Ставшие базовыми учебниками в американском образовании работы К. Брукса Understanding Poetry («Понимание поэзии», 1938), Р.П. Уоррена Understanding Fiction («Понимание прозы», 1943), У. Уимсета The Verbal Icon («Словесная икона», 1954) повлияли на идеологию и методологию филологического анализа в школьном и университетском образовании на последовавшие тридцать лет. Монография Theory of Literature («Теория литературы», 1974) Р. Уэллека и О. Уоррена, ставшая одним из фундаментальных трудов по теории литературы, написанных в XX веке, и переведенная на 23 языка, транспонирует понятийныйаппарат ряда разделов теории литературы сквозь призму методологии новых американских критиков. Все вышеуказанные тексты являются классическими источниками ссылок, своего рода альфой и омегой «практикующего» литературоведа с дипломом о высшем образовании.
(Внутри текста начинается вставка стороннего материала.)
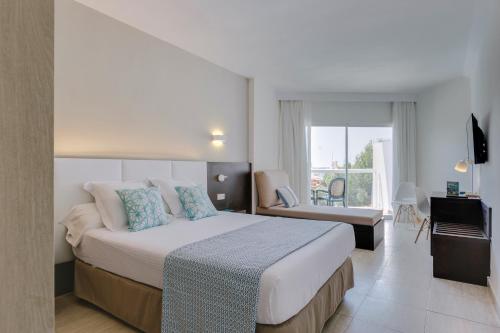 Hotel ILUNION Palmanova Mallorca Room Type - Superior Double Room (2 Adults) - High Floor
Любопытно и другое: пришедшая на смену «новой американской критике», а также классикам-небожителям Уэллеку и Уоррену, волна йельских деконструктивистов изменила аксиологию вопроса, упразднила целостность, но (!) продолжила разработку практик пристального чтения.
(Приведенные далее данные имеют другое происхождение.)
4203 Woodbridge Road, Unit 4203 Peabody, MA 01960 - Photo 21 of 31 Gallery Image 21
При этом стандартная процедура пристального чтения, впрочем, необязательно протоколируемая в напоминающих свободное эссе критических разборах, — это восхождение по ступеням. Описательная стадия анализа предполагает «работу с карандашом» (annotating), подчеркивание специфических лексических, грамматических и синтаксических элементов, просодических средств, повторов разного уровня, фигур речи, выбранных автором. Отдельно отмечается эмоциональная окрашенность текста, его «тональность» — от саркастической и иронической до сентиментальной, идиллической. Любопытно и то, что эта стадия предполагает и опыт воображения: каждое из слов данного поэтического «контекста» последовательно визуализируется. Итогом такой визуализации становится некая феноменологическая редукция — избавление от стандартных ассоциаций в пользу интуитивного проникновения в уникальный комплекс визуальных метафор.
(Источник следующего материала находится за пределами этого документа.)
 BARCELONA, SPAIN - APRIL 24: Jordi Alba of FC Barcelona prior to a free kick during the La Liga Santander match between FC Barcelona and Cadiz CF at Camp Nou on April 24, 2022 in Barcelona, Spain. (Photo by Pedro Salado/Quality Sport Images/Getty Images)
На стадии семантического анализа исследователь наблюдает над поэтической игрой, актуализирующей слоистую ткань денотативных и коннотативных значений слов. Теперь профессионализм исследователя определяется почти схоластическим тщанием в работе со словарями родного языка (с обязательным включением этимологического словаря). Так, каждое слово оставляет свой «след» и обретает «ризому», корни которой оказываются сплетенными с корнями других слов текста. В первоначальном значении это и есть центральное звено процедуры «пристального чтения». Знать и выбрать из десятка часто какофонических значений те, что прозвучат «нотами» в новой поэтической партитуре, сообщат ему смысловую динамику, повлекут за собой развертывание метафорических картин, — и есть цель критика. Статью в духе «пристального чтения» невозможно представить без глосс, комментирующих словарные значения. На данном этапе речь идет скорее о парадигматике, чем о синтагматике. И все же «…знакомство со всеми языками и литературами мира не гарантирует рождение критика, хотя, возможно, убережет его от досадных ошибок»[145].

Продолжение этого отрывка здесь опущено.